Letermovir inhibits CYP2C8 in vitro but may also induce CYP2C8 based on its induction potential. The net effect in vivo is unknown.

An example of a medicinal product which is mainly eliminated by CYP2C8 is repaglinide. Concomitant use of repaglinide and letermovir with or without cyclosporine is not recommended

Letermovir is an inhibitor of OATP1B1/3 transporters. Administration of letermovir may result in a clinically relevant increase in plasma concentrations of co-administered medicinal products that are OATP1B1/3 substrates.

Examples of such medicinal products include HMG-CoA reductase inhibitors, fexofenadine, repaglinide and glyburide. Comparing letermovir regimen administered without cyclosporine, the effect is more marked after iv than oral letermovir.

The magnitude of the OATP1B1/3 inhibition on co-administered medicinal products is likely greater when letermovir is co-administered with cyclosporine (a potent OATP1B1/3 inhibitor). This needs to be considered when the letermovir regimen is changed during treatment with an OATP1B1/3 substrate.

In vitro data indicate that letermovir is an inhibitor of OAT3; therefore, letermovir may be an OAT3 inhibitor in vivo. Plasma concentrations of medicinal products transported by OAT3 may be increased. Examples of medicinal products transported by OAT3 includes ciprofloxacin, tenofovir, imipenem, and cilastin.

Co-administration of letermovir with voriconazole (a CYP2C19 substrate) results in significantly decreased voriconazole plasma concentrations, indicating that letermovir is an inducer of CYP2C19. CYP2C9 is likely also induced. Letermovir has the potential to decrease the exposure of CYP2C9 and/or CYP2C19 substrates potentially resulting in subtherapeutic levels.

Examples of such medicinal products include warfarin, voriconazole, diazepam, lansoprazole, omeprazole, esomeprazole, pantoprazole, tilidine, tolbutamide.

The effect is expected to be less pronounced for oral letermovir without cyclosporine, than IV letermovir with or without cyclosporine, or oral letermovir with cyclosporine. This needs to be considered when the letermovir regimen is changed during treatment with a CYP2C9 or CYP2C19 substrate. See also general information on induction above regarding time courses of the interaction.

Letermovir is a moderate inhibitor of CYP3A in vivo. Co-administration of letermovir with oral midazolam (a CYP3A substrate) results in 2-3-fold increased midazolam plasma concentrations. Co-administration of letermovir may result in clinically relevant increases in the plasma concentrations of co-administered CYP3A substrates.

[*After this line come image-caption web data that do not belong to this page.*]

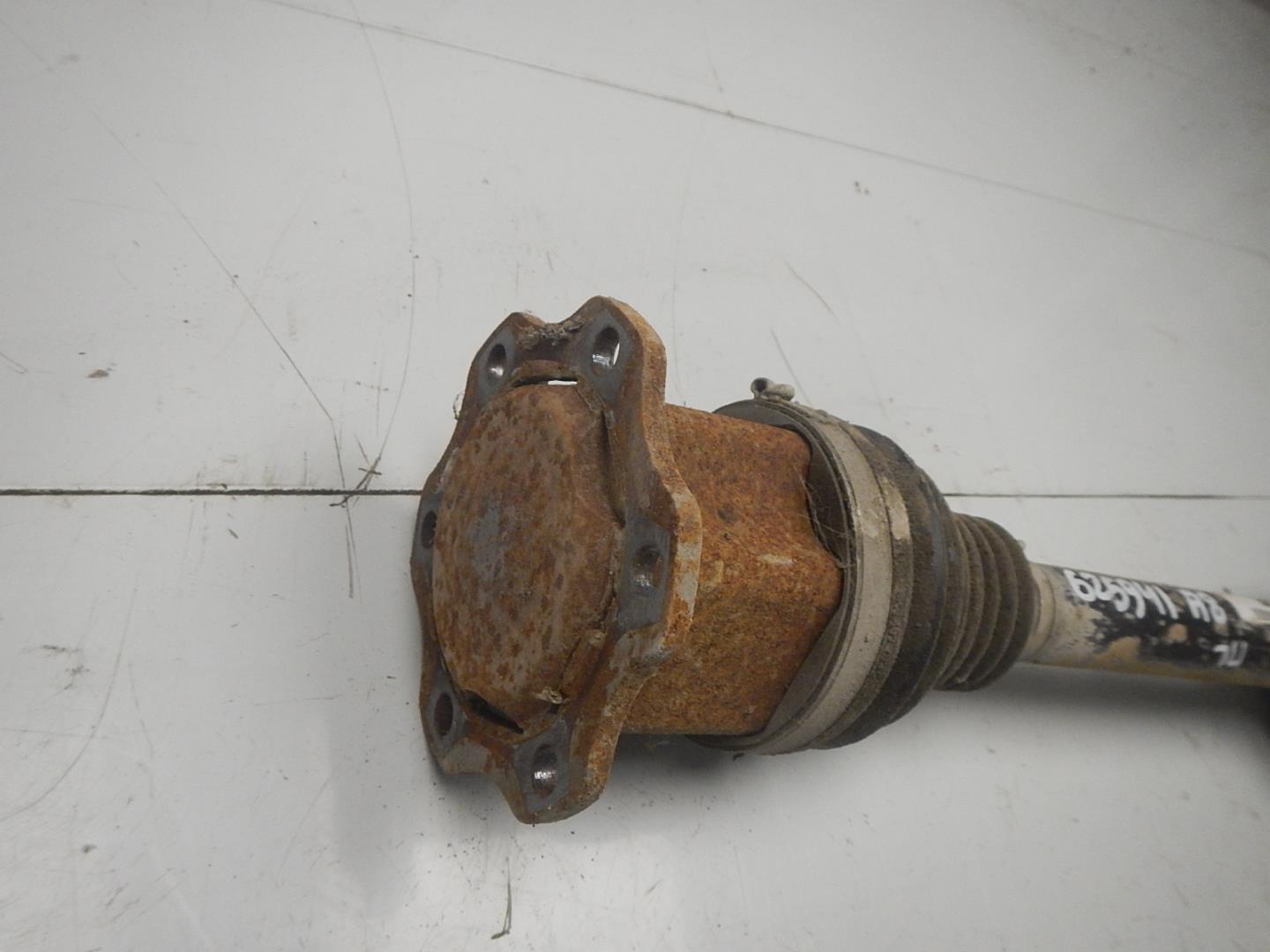 Полуось передняя левая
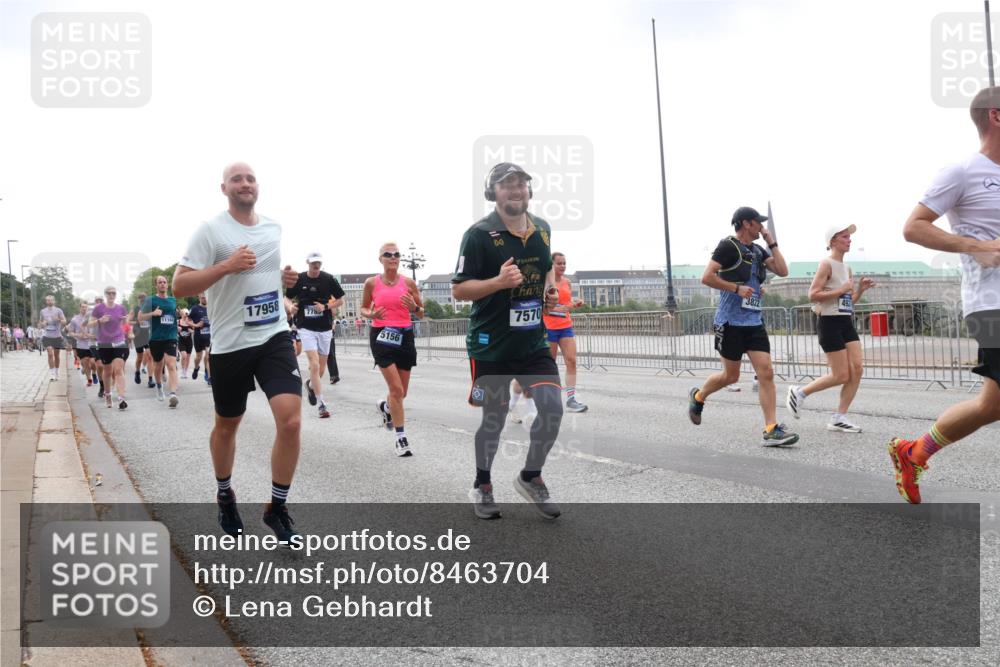 29.06.2025 - hella hamburg halbmarathon Lena Gebhardt http://msf.ph/oto/8463704 29.06.2025 10:32:12 Lombardsbrücke 1116, 17958, 776, 5156, 7570, 3822, 1311, 1373, 1640, 1987, 2349, 2384, 2672, 2831, 2832, 2943, 3022, 3221, 3239, 3358, 3365, 3653, 3707, 3751, 3752, 3778, 3822, 4314, 4365, 4605, 4857, 4877, 4924, 5156, 5496, 5601, 5658, 5743, 5941, 6160, 6218, 6252, 6312, 6315, 6718, 6727, 7135, 7239, 7295, 7334, 7344, 7468, 7535, 7570, 7695, 7702, 7789, 7816, 7898, 8124, 8127, 8175, 8303, 8304, 8538, 8620, 8625, 8787, 8840, 8914, 8993, 9078, 9125, 9206, 9478, 10002 meine-sportfotos.de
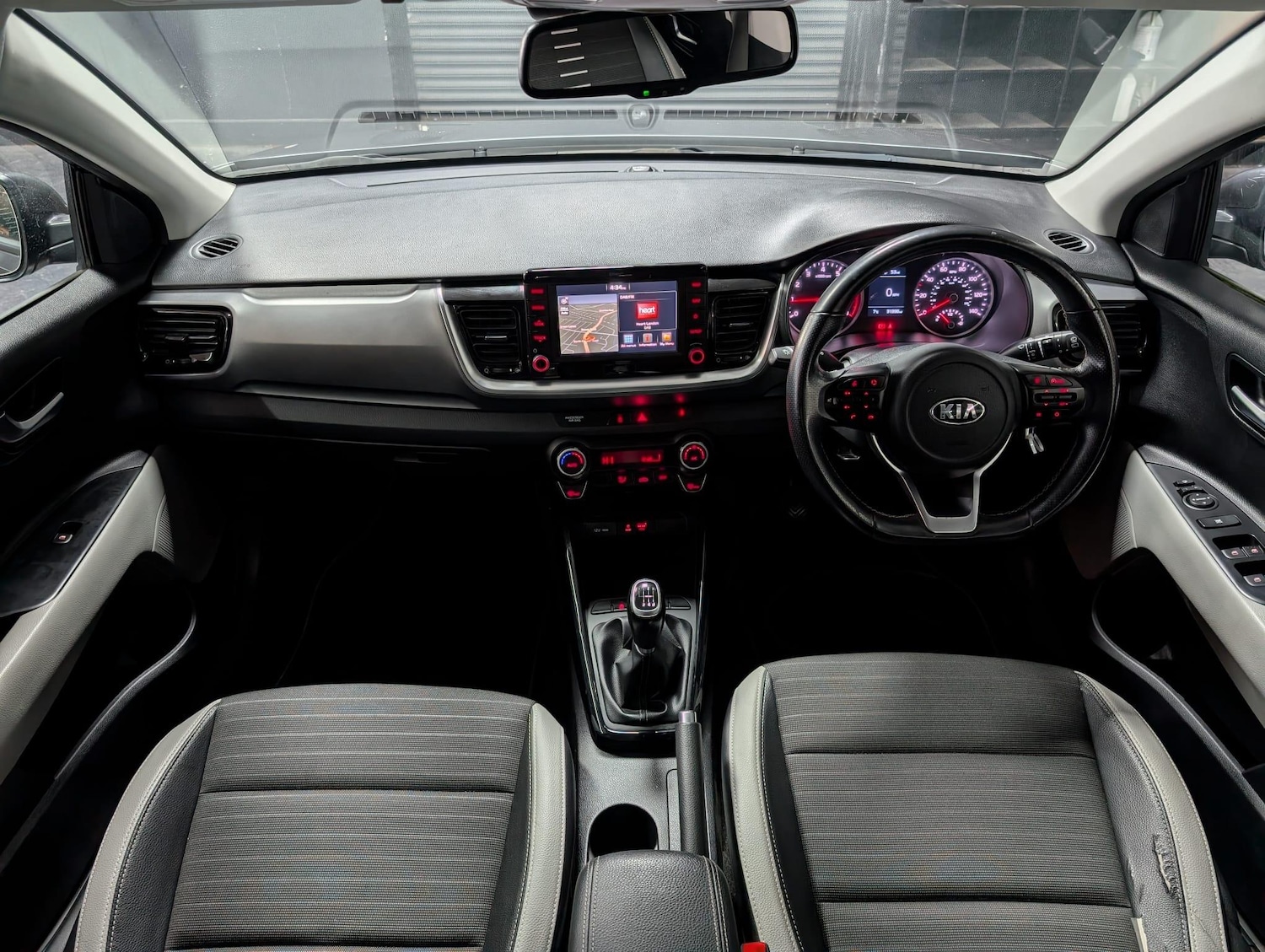 Used Kia Stonic 2018 for sale - 76657825: Photo 12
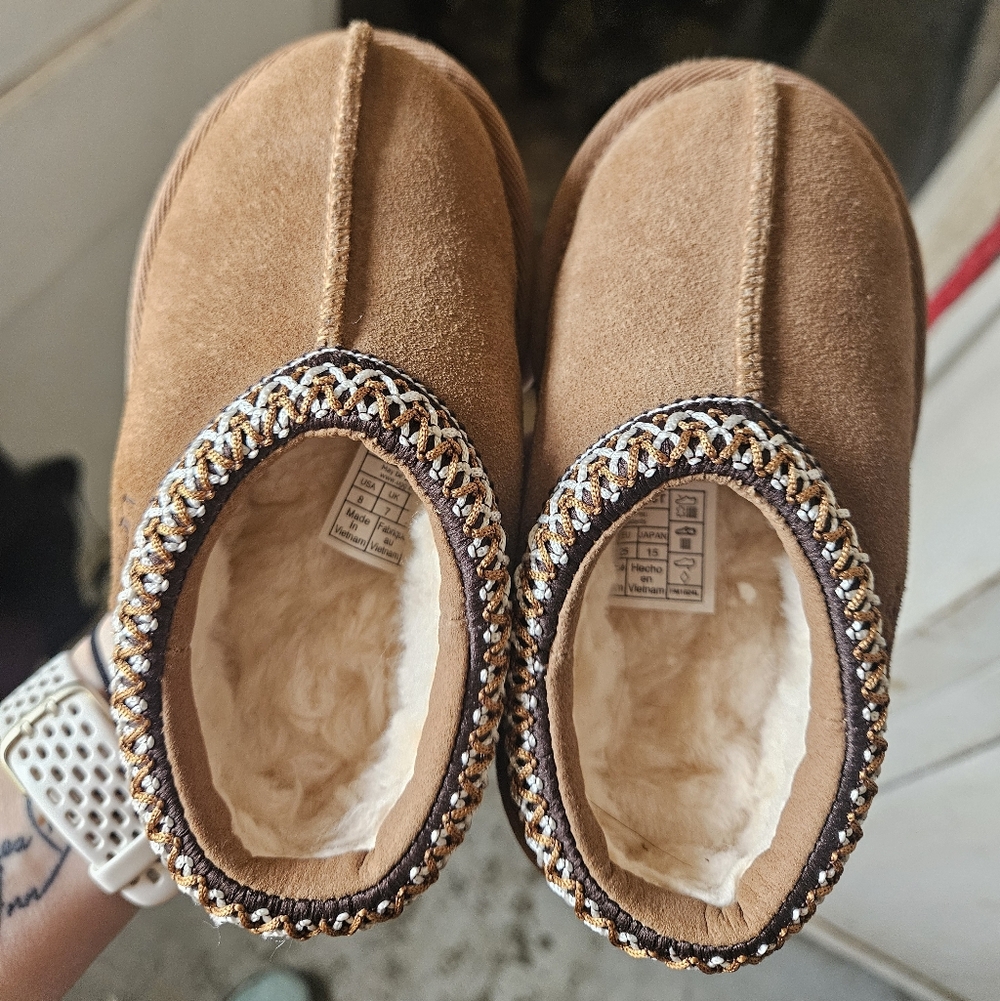 Ugg Toddler Slip Ons Tasman ll - Picture 2 of 4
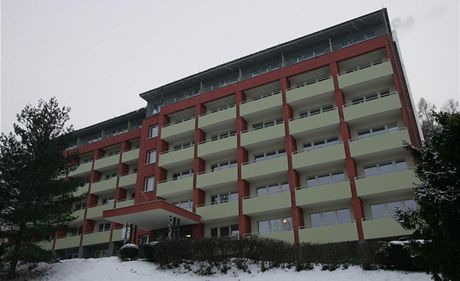 Sanatorium Janáek je po rekonstrukci o jedno patro vyí.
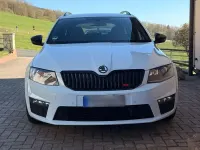 Gebraucht Skoda Octavia RS 230 PS (169 kW) 2016 Weiß Kleinwagen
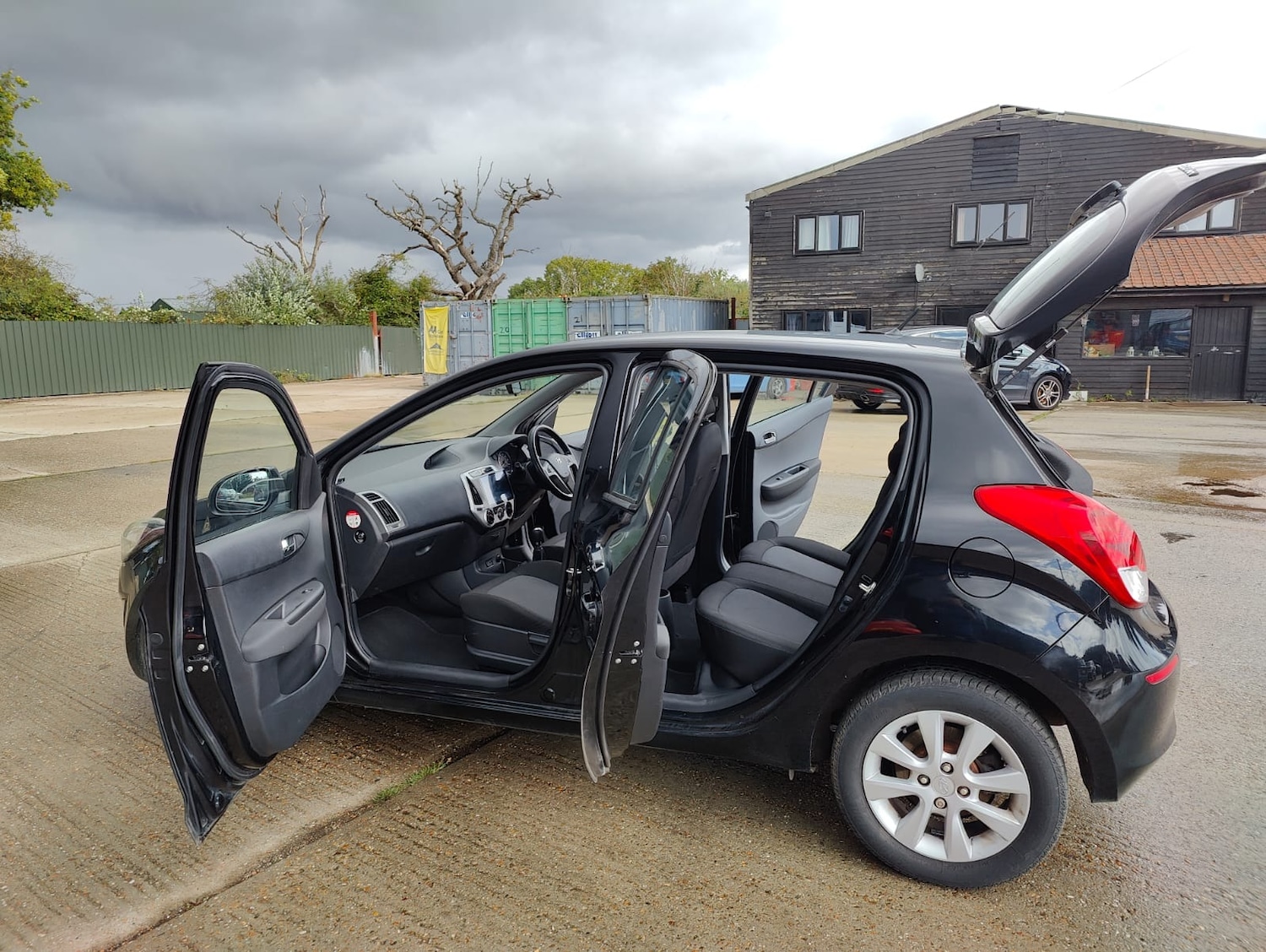 Used Hyundai i20 2013 for sale - 76765066: Photo 41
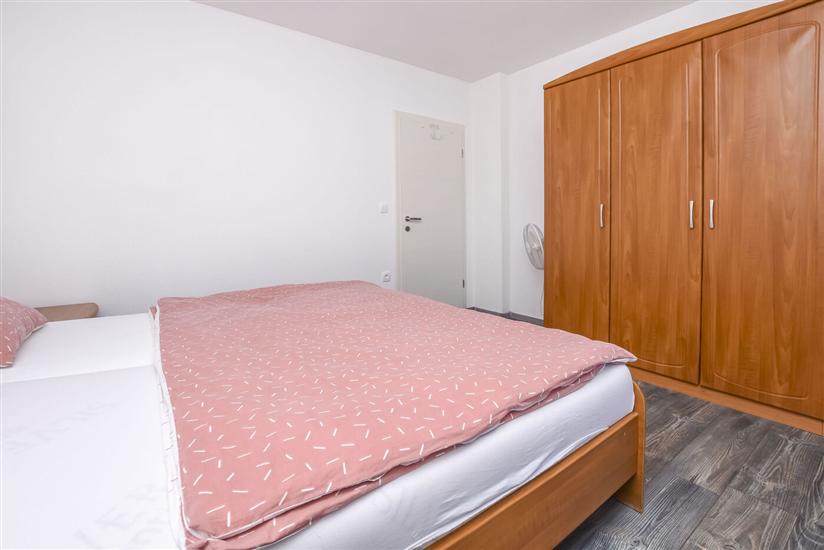 Apartment A4, for 5 persons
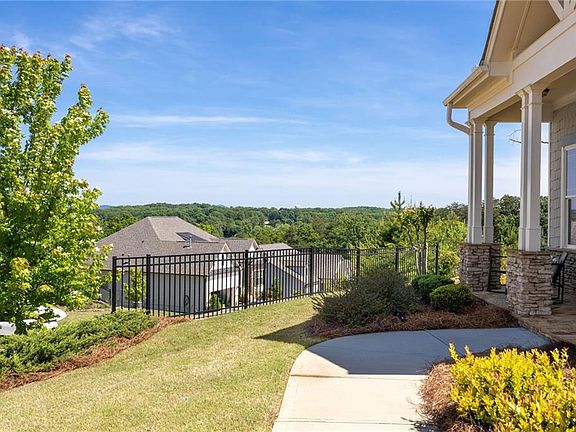 2nd image of 106 Summit View Ct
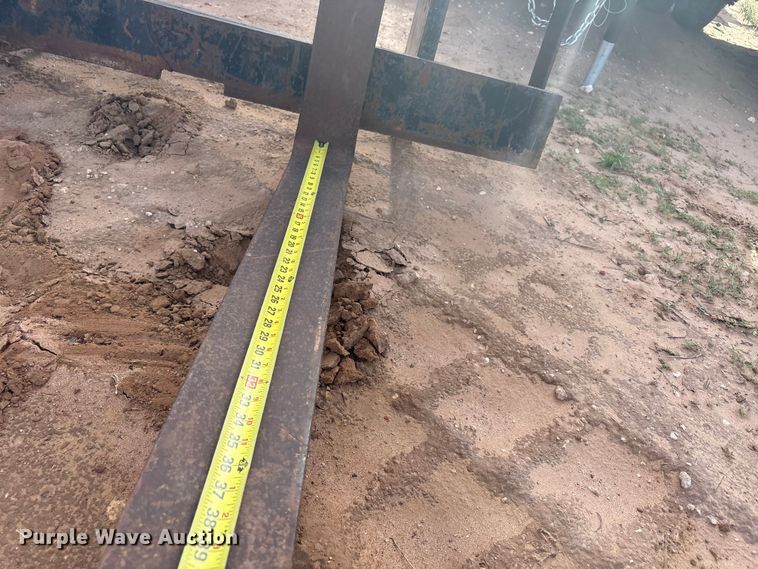 image for item FC2247 Loader forks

Examples of such medicinal products include certain immunosuppressants (e.g., cyclosporine, tacrolimus, sirolimus), HMG-CoA reductase inhibitors, and amiodarone. Pimozide and ergot alkaloids are contraindicated.

The size of the CYP3A inhibitory effect is dependent on letermovir route of administration and whether cyclosporine is concomitantly used.

Due to time dependent inhibition and simultaneous induction the net enzyme inhibitory effect may not be reached until after 10-14 days. The time needed to reach steady state of a specific affected medicinal product will also influence the time needed to reach full effect on the plasma concentrations. When ending treatment, it takes 10-14 days for the inhibitory effect to disappear. If monitoring is applied, this is recommended the first 2 weeks after initiating and ending letermovir as well as after changing route of letermovir administration.

Letermovir is a general inducer in vivo but has also been observed to inhibit CYP2B6, UGT1A1, BCRP, and OATP2B1 in vitro. The net effect in vivo is unknown. Therefore, the plasma concentrations of medicinal products that are substrates of these enzymes or transporters may increase or decrease when co-administered with letermovir. Additional monitoring may be recommended; refer to the prescribing information for such medicinal products.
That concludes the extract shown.